Troppe omissioni e nessuna verità sulla fine di Samuele De Paoli, trovato cadavere 3 anni e mezzo fa. Parla la madre Sonia Sorbelli

di Alessandro Antonini
PERUGIA
“Troppe omissioni e nessuna verità, ancora. E sono passati tre anni e mezzo. Samuele è il figlio di tutti. Mi devono aiutare. Quella sera era uscito per un aperitivo ed è stato ritrovato morto ammazzato. Hanno paura tutti di parlare”. Sonia Sorbelli, la mamma di Samuele De Paoli, il calciatore 22enne trovato morto nudo in un fosso a Sant ’Andrea delle Fratte nell’aprile del 2021. La trans Patrizia (Pinheiro Duarte Hudson), che era stata accusata di omicidio preterintenzionale, era stata assolta “perché il fatto non sussiste”. La procura generale, diretta da Sergio Sottani, ha presentato appello, l’udienza si terrà il 23 ottobre. “Purtroppo – continua Sonia, che non si è mai arresa al responso di primo grado – alcune cose sono chiare in questa vicenda: sono stati tagliati i video, manomessi o cambiati. E gli originali dove sono? Mancano i momenti cruciali dei filmati. Per non parlare dei 4 dna non analizzati, di cui due sotto un’unghia della mano sinistra di Samuele”. L’indagine è stata riaperta dalla procura generale ma ancora non ci sono certezze. Dopo tre anni mezzo dalla morte di mio figlio non so ancora cosa è successo davvero. O meglio, abbiamo dei sospetti, ci sono degli indizi chiari, ma ancora nessuna verità giudiziaria. La mia lotta deve andare avanti e andrà avanti, a prescindere dai tribunali”, fa sapere Sorbelli.Il procuratore Sottani, nell’atto di impugnazione della sentenza di primo grado, “confuta innanzitutto le dichiarazioni dell’imputata nella parte in cui afferma di aver soltanto allontanato e non cercato di strozzare il suo aggressore. In realtà – dice una nota della procura generale – dalle risultanze mediche viene dimostrato che il decesso è avvenuto a seguito di un’azione di strozzamento”. Il procuratore effettua inoltre una diversa ricostruzione del momento della morte di Samuele rispetto alla sentenza di primo grado.

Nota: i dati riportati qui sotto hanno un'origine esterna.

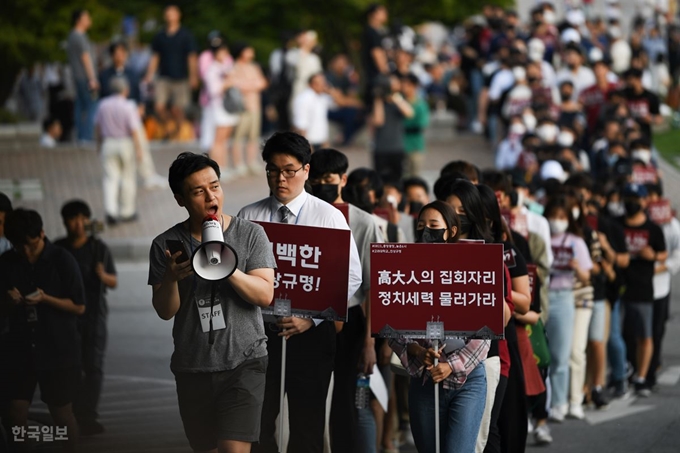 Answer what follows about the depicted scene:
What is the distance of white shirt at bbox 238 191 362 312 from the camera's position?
729 cm

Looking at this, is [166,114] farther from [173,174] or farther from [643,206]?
[173,174]

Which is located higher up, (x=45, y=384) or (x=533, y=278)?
(x=533, y=278)

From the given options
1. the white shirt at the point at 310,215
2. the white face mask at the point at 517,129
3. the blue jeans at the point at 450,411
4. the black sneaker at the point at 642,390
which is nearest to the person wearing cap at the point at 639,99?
the white face mask at the point at 517,129

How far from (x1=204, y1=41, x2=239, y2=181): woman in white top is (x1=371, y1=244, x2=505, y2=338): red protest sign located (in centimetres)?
1298

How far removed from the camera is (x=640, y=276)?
39.5ft

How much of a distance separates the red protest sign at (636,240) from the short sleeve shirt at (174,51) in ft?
36.9

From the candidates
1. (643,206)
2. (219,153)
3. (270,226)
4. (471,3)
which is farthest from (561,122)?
(270,226)

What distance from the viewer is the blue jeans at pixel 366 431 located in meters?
8.08

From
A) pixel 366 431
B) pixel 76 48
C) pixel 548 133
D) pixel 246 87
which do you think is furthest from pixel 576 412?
pixel 76 48

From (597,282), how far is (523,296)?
373cm

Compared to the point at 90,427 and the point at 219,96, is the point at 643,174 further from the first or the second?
the point at 90,427

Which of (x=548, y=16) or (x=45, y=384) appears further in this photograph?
(x=548, y=16)

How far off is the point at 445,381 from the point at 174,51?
1572cm

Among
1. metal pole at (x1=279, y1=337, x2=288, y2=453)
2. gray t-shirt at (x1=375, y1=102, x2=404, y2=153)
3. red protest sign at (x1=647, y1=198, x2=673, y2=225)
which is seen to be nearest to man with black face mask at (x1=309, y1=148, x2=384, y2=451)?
metal pole at (x1=279, y1=337, x2=288, y2=453) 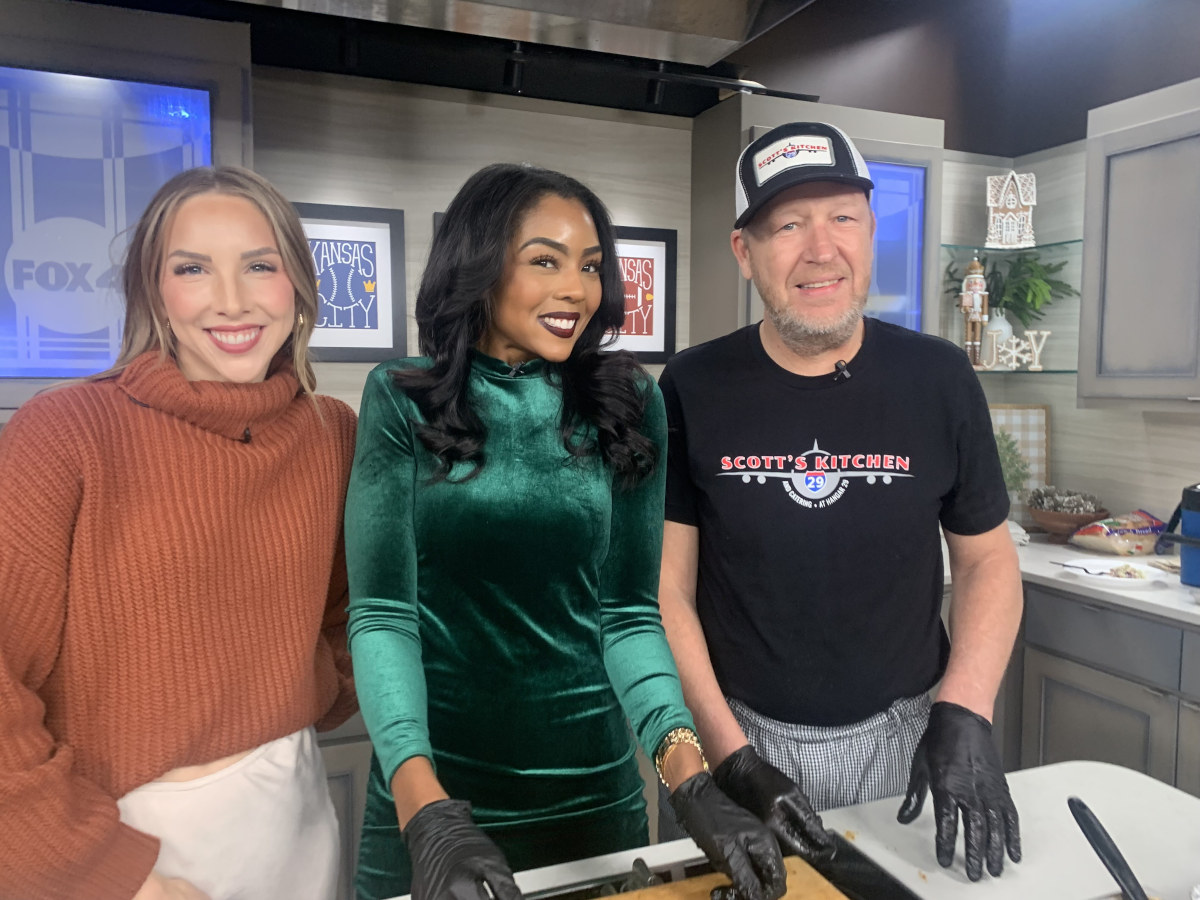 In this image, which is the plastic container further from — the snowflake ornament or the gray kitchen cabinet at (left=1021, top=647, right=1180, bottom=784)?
the snowflake ornament

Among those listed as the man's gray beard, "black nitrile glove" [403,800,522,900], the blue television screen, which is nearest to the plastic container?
the man's gray beard

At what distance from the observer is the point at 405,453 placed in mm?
1030

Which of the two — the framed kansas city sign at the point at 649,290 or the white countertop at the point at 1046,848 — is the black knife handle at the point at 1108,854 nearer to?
the white countertop at the point at 1046,848

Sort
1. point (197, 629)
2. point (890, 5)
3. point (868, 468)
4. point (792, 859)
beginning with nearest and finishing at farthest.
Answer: point (792, 859) < point (197, 629) < point (868, 468) < point (890, 5)

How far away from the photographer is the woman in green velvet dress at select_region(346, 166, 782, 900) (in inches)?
40.5

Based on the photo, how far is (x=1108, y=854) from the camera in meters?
0.89

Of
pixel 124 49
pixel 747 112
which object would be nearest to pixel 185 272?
pixel 124 49

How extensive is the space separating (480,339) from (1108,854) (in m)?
0.91

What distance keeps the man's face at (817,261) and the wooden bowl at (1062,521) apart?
1912 mm

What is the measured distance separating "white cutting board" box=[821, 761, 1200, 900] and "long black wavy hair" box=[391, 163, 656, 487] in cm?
52

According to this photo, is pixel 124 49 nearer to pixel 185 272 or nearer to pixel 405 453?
pixel 185 272

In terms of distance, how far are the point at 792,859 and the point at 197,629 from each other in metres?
0.69

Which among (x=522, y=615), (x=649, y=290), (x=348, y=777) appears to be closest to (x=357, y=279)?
(x=649, y=290)

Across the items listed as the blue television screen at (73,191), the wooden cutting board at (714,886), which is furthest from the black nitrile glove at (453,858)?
the blue television screen at (73,191) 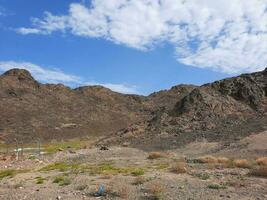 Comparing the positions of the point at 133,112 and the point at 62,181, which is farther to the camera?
the point at 133,112

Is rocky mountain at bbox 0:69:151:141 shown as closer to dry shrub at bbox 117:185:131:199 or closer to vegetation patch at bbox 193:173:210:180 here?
vegetation patch at bbox 193:173:210:180

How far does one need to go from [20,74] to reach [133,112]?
32840 mm

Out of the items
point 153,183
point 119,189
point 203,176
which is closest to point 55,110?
point 203,176

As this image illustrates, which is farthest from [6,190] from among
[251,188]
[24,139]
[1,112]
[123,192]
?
[1,112]

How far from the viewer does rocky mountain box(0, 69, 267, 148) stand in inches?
2242

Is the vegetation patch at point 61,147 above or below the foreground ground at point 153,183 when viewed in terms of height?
above

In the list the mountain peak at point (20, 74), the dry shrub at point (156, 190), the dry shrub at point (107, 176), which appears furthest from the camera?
the mountain peak at point (20, 74)

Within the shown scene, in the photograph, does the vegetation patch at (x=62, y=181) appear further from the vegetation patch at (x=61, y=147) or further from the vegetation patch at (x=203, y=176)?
the vegetation patch at (x=61, y=147)

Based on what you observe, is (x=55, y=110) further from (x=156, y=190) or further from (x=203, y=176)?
(x=156, y=190)

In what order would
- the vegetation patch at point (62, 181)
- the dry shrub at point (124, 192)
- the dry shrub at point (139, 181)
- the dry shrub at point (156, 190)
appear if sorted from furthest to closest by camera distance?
the vegetation patch at point (62, 181)
the dry shrub at point (139, 181)
the dry shrub at point (124, 192)
the dry shrub at point (156, 190)

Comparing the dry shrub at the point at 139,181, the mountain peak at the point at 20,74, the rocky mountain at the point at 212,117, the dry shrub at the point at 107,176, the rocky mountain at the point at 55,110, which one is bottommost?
the dry shrub at the point at 139,181

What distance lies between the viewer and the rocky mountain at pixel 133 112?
2242 inches

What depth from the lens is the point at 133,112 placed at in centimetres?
13962

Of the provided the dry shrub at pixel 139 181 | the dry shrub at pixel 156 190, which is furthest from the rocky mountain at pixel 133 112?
the dry shrub at pixel 156 190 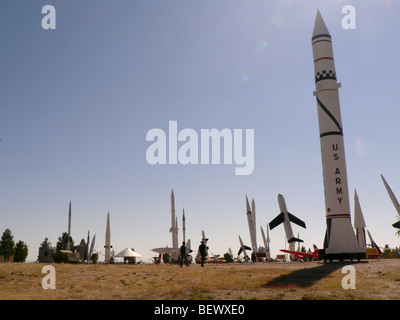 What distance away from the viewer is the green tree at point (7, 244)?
8144 cm

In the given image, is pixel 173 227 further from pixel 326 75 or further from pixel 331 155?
pixel 326 75

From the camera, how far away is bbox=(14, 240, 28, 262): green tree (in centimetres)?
7962

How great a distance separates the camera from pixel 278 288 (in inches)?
543

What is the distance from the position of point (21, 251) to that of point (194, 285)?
8148 centimetres

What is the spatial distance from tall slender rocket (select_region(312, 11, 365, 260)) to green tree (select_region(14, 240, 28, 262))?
237ft

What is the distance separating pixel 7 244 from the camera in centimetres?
8375

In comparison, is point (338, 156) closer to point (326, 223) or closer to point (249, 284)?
point (326, 223)

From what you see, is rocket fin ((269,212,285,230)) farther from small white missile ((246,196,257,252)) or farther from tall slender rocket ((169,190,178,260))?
tall slender rocket ((169,190,178,260))

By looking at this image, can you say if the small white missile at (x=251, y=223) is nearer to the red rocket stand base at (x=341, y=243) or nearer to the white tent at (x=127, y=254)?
the white tent at (x=127, y=254)

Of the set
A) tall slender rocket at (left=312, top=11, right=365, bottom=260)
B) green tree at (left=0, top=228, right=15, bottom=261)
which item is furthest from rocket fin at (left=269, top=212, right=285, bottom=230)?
green tree at (left=0, top=228, right=15, bottom=261)

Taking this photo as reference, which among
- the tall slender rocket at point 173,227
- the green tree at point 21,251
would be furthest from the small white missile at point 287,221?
the green tree at point 21,251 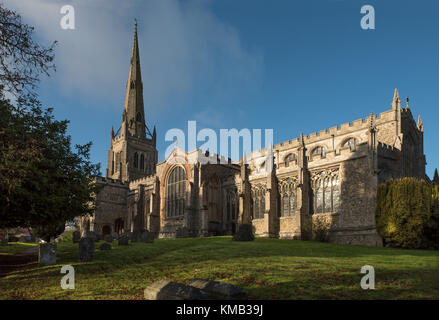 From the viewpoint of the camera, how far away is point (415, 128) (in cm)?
3459

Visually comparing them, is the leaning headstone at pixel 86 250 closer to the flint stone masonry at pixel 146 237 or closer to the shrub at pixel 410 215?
the flint stone masonry at pixel 146 237

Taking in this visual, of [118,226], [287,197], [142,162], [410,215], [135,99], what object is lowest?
[118,226]

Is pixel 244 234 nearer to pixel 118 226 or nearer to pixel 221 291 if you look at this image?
pixel 221 291

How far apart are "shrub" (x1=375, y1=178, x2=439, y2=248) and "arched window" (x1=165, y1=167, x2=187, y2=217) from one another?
21.4m

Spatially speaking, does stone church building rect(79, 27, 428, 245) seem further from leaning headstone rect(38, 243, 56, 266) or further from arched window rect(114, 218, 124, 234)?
leaning headstone rect(38, 243, 56, 266)

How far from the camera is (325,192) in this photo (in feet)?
91.9

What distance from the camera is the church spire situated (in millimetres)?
66438

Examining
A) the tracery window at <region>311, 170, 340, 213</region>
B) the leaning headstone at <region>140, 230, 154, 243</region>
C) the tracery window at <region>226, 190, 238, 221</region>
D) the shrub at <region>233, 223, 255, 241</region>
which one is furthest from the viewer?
the tracery window at <region>226, 190, 238, 221</region>

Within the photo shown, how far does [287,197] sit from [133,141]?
40.4 m

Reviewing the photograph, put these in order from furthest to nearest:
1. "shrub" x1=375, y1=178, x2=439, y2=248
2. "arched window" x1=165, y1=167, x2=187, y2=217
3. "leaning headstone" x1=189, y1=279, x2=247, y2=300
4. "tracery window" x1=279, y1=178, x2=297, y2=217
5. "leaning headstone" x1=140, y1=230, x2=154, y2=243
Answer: "arched window" x1=165, y1=167, x2=187, y2=217, "tracery window" x1=279, y1=178, x2=297, y2=217, "leaning headstone" x1=140, y1=230, x2=154, y2=243, "shrub" x1=375, y1=178, x2=439, y2=248, "leaning headstone" x1=189, y1=279, x2=247, y2=300

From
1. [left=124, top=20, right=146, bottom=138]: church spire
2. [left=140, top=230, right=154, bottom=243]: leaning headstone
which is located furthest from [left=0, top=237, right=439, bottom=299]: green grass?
[left=124, top=20, right=146, bottom=138]: church spire

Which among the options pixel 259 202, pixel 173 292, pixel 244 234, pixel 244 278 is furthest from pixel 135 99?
pixel 173 292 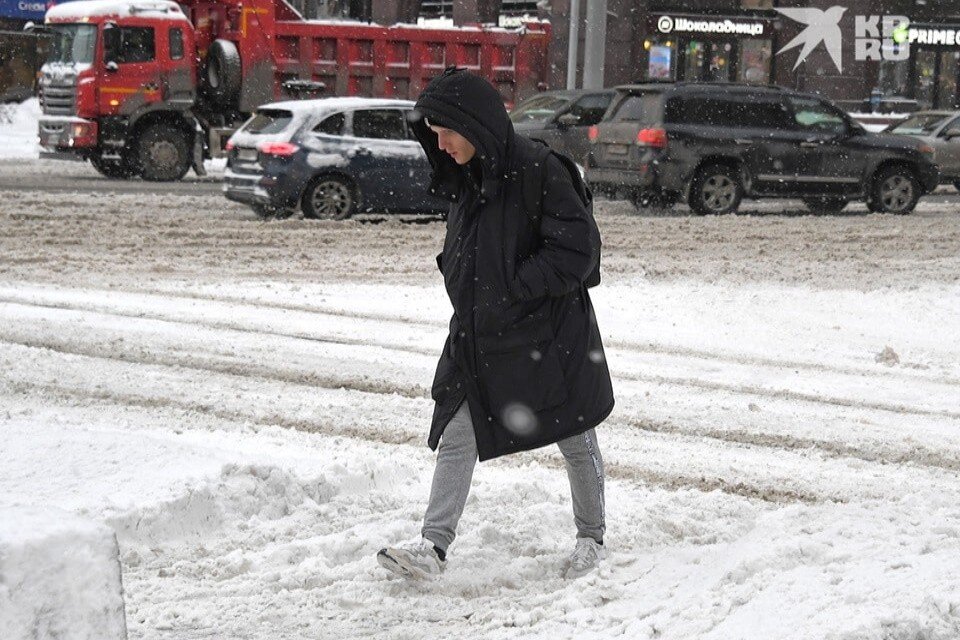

Secondo il gip, il rapporto sessuale, la colluttazione e la morte del giovane sono avvenuti tutti all’interno dell’abitacolo della Panda rossa della vittima nella posizione di guida. Il corpo del giovane sarebbe stato trascinato dall’imputata successivamente al decesso, fuori dall’auto egettato nel fosso. Diversamente, secondo la ricostruzione del procuratore, “la colluttazione, pur iniziata all’interno dell’abitacolo dell’autovettura, è proseguita all’esterno ed il giovane è morto nel fosso. D’altronde, che l’omicidio sia avvenuto fuori dall’automobile e che non ci sia stato trascinamento sembra dimostrato anche dalla posizione del corpo del ragazzo nel fosso, la cui testa è nella direzione dell’autovettura. Secondo l’atto di impugnazione – recita la nota della procura generale – la vittima voleva far scendere l’imputata dall’autovettura e per questo l’ha aggredita. Quest ’ultima ha apposto resistenza e quando il giovane è caduto nel fosso, l’imputata, invece di scappare, come avrebbe potuto, ha seguitato ad afferrare il collo del ragazzo e lo ha strozzato cagionandogli la morte, pur non voluta”.